Escrever é um trabalho árduo, muitas vezes frustrante, raramente pago e que requer algum método e disciplina. A ideia geral até pode surgir de forma romântica, num momento em que as musas passaram e nos segredaram ao ouvido. Mas depois, é preciso estruturar a narrativa, caracterizar muito bem as personagens, criar um fio condutor.
Eu pessoalmente gosto de começar por fazer uma árvore genealógica da personagem principal ou, caso a família não seja muito relevante, um género de organigrama onde estabeleço a relação entre as diferentes personagens. Depois, costumo definir os grandes momentos de acção numa linha cronológica.
Uma vez definidos os momentos, coloco-os em cartões amarelos que colo com “bostik” na parede para me guiar. Assim, posso ir alterando a ordem em que quero que surjam e acrescentando novos momentos à medida que a história e as personagens se entranham. É que não é mito que os livros ganham vida enquanto estão a ser escritos e o autor é empurrado para episódios ou desfechos que não tinha inicialmente planeado.
Depois de várias semanas (ou melhor, meses) a preparar o enredo, posso finalmente sentar-me a escrever, volta e meia olhando para os cartões na parede. Claro que também é possível começar logo a escrever alguns capítulos quando a história ainda não está totalmente estruturada, para testar o tom e o estilo do narrador. Muitos desses capítulos escritos inicialmente podem até acabar por figurar na obra final. Mas para mim é difícil escrever sem ter estas bases. É meio caminho andado para incongruências ou repetições, que só vão fazer com que a revisão do livro seja muito mais difícil.

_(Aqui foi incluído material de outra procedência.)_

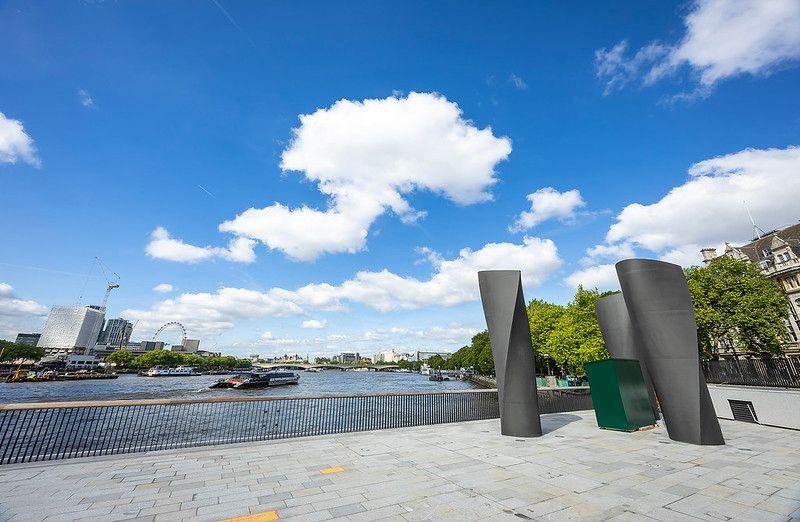 Concrete riverside with the London Eye - a large ferris wheel - in view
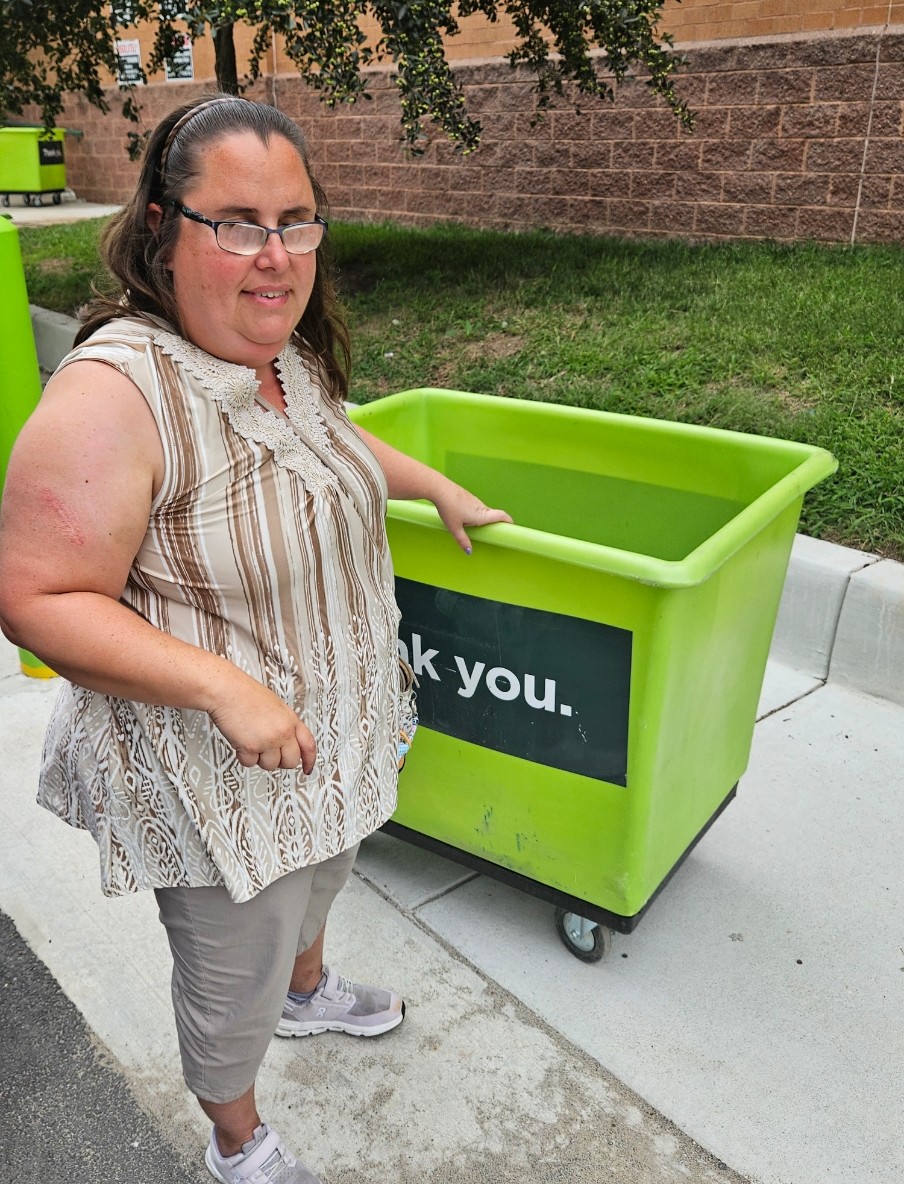 A person stnading next to a big green moving bin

Também gosto de ir parando e relendo. Há autores que nunca o fazem e que preferem escrever tudo a eito. Mas como não posso dar-me ao luxo de apenas escrever romances, isto é, tenho de ter outras ocupações que me permitem sobreviver, além de dois filhos pequenos, é imperativo fazer pausas e abandonar o manuscrito durante dias a fio, pelo que, a releitura dos capítulos anteriores é essencial para manter o tom e o ritmo.

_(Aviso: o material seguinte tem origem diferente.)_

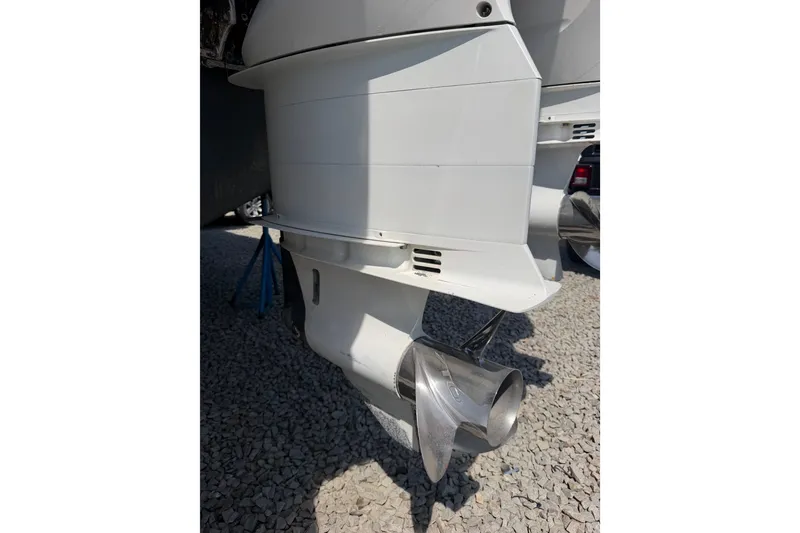 Slide: The Image of Close-up of a 2019 Regulator 41 boat propeller on gravel surface. - 24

No final, há outra releitura completa (a revisão) antes de dar o manuscrito a ler a outras pessoas. Só depois disso é enviado ao meu editor. Nesta fase, já estou com o livro pelos cabelos, já não quero saber daquelas personagens, acho que nada faz sentido, preciso de me afastar. Mas só então começa o parto, que como qualquer parto, é muito doloroso.

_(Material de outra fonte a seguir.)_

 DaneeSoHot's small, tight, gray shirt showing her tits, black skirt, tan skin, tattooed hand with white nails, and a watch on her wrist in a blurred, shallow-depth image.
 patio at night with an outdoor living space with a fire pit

O editor lê, faz comentários, sugere alterações. O autor aceita (eu sempre, outros nem por isso), corrige, acrescenta. O editor volta a ler. Pode ou não fazer outras sugestões. Quando ambos concordam que aquela é a melhor versão possível, o livro é vendido pelo editor a quem decide dentro de uma editora que livros serão publicados. Tudo isto dura semanas e semanas. Quando finalmente há luz verde, o texto passa para o revisor, volta ao autor para que reveja as revisões e só então vai para a paginação, em seguida para a gráfica até um dia chegar às mãos de quem o criou, prontinho e encadernado, brilhante e a cheirar a novo.
Tal como num parto, em que passamos horas de sofrimento até nos colocarem o nosso bebé no colo, aquele bebé que imaginámos durante meses, mas que nunca vimos, a chegada de um livro às nossas mãos é um momento mágico. O momento em que o livro se materializa e passa a ser real. Nesse instante, esquecemos os meses de angústia criativa, de dúvida, de vontade de desistir. Esquecemos a ansiedade da espera por uma resposta. Esquecemos tudo e temos a certeza, se bem que fugaz, de que escrever um livro é a melhor coisa do mundo, o nosso propósito na Terra, o único trabalho que verdadeiramente nos faz feliz.